[Python-3000] locale-aware strings ?
Oleg Broytmann
phd at mail2.phd.pp.ru
Wed Sep 6 13:16:43 CEST 2006
On Wed, Sep 06, 2006 at 03:55:04AM -0700, Paul Prescod wrote:
> But how would a system-wide default encoding help with any of these
> situations? These situations are IN FACT caused by system-wide default
> encodings used by naive programmers. Python should be part of the
> solution, not part of the problem.
>
> On 9/6/06, Oleg Broytmann <phd at oper.phd.pp.ru> wrote:
> > First, there are text files. Really, there are still text files. A user
> > can dump a README file unto his/her personal FTP server, and the file
> > ususally is in the local encoding.
> > MP3 tags. Real nightmare. Nobody follows the standard - tag editors
> > write tags in the local encoding, and mp3 players interpret them in the
> > local encoding.
> > FTP and other dumb protocols that transfer file names in the encoding
> > local to the server without announcing that encoding in the metadata.

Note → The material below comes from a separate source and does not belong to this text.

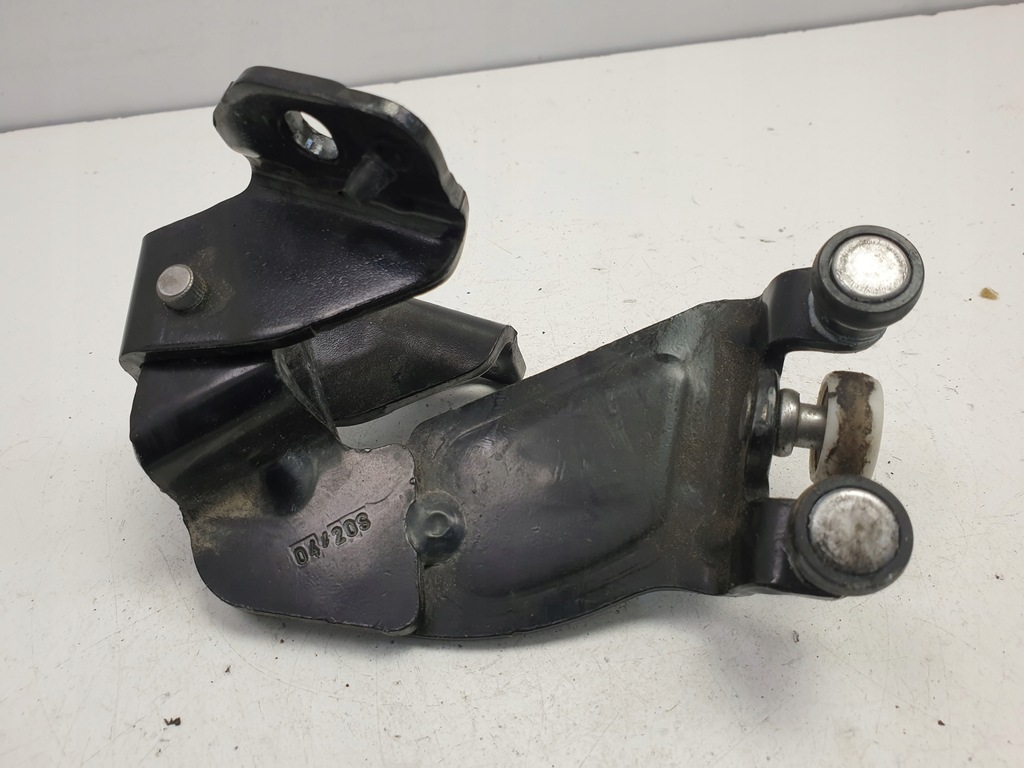Fiat Doblo II lift dreapta cărucior GLISANTE USI Product image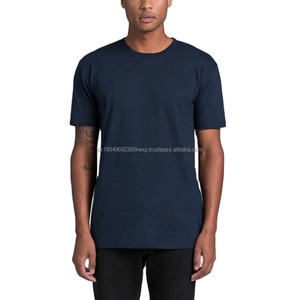 Camiseta Unisex 100% Algodón al por Mayor, Camiseta Lisa de Alta Calidad, Talla Grande, con Impresión de Logotipo Personalizado, Talla Grande para Hombre - Product Image 1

These situations are caused because of the lack of metadata or clear
encoding-friendly standards. Ogg, for example, is encoding friendly - it
clearly states that tags (comments) must be in UTF-8, and all Ogg Vorbis
files I have saw were really in UTF-8, and all tag editors and players
write/use UTF-8. XML is encoding-friendly - every file specifies its
encoding. HTTP protocol is mostly encoding friendly with its Content-Type
header. HTML is partially encoding friendly, but only partially - if one
saves an HTML page to a file it may lack an encoding information.

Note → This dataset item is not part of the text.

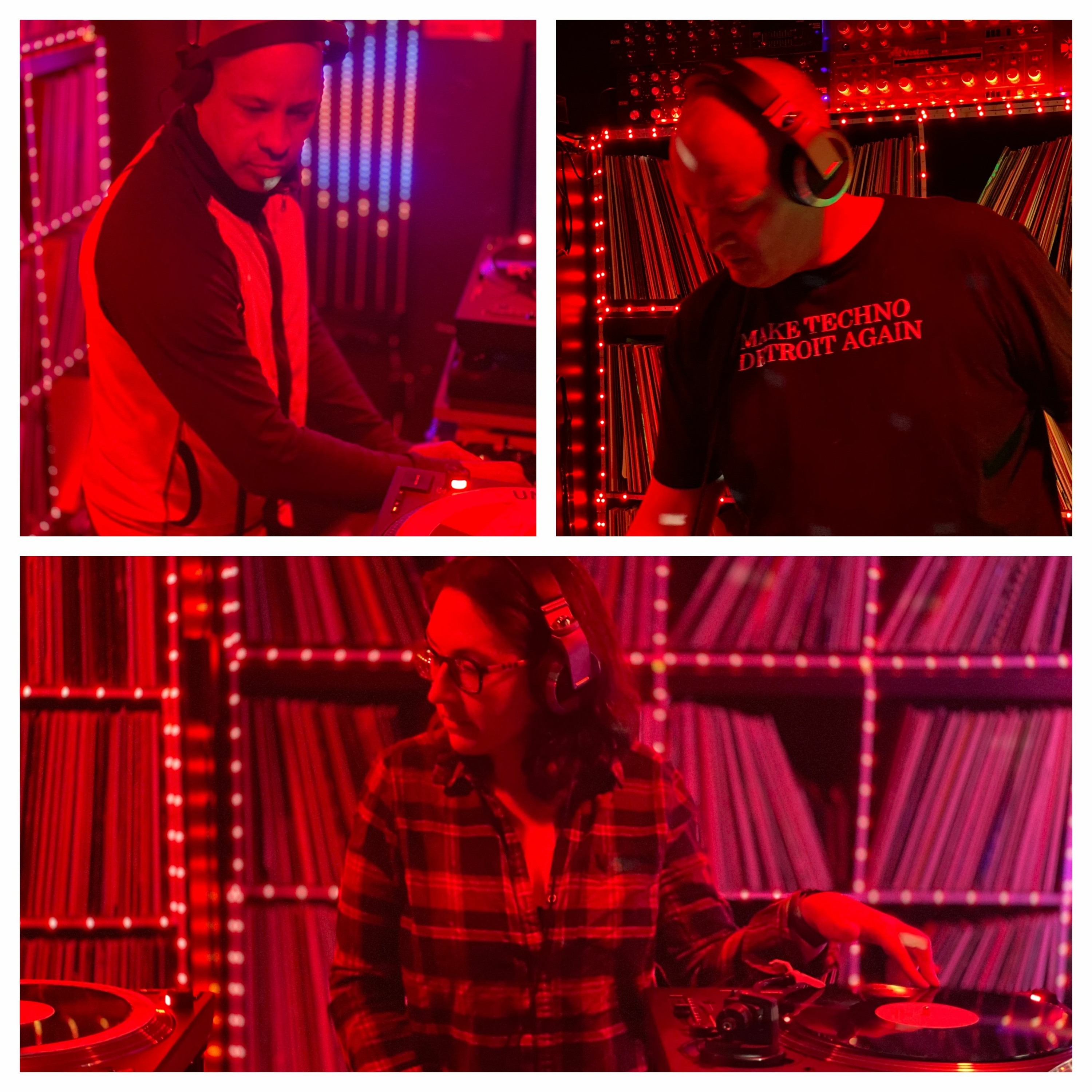 DC House Grooves Meet the Locals Podcast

But text files and FTP protocol don't have any metadata, and ID3v2 don't
specify an universal encoding or encoding metadata. In these cases programs
can either guess encoding based on the file content or use system global
encoding.
I fail to see how Python can help here.
Oleg.
--
Oleg Broytmann http://phd.pp.ru/ phd at phd.pp.ru
Programmers don't die, they just GOSUB without RETURN.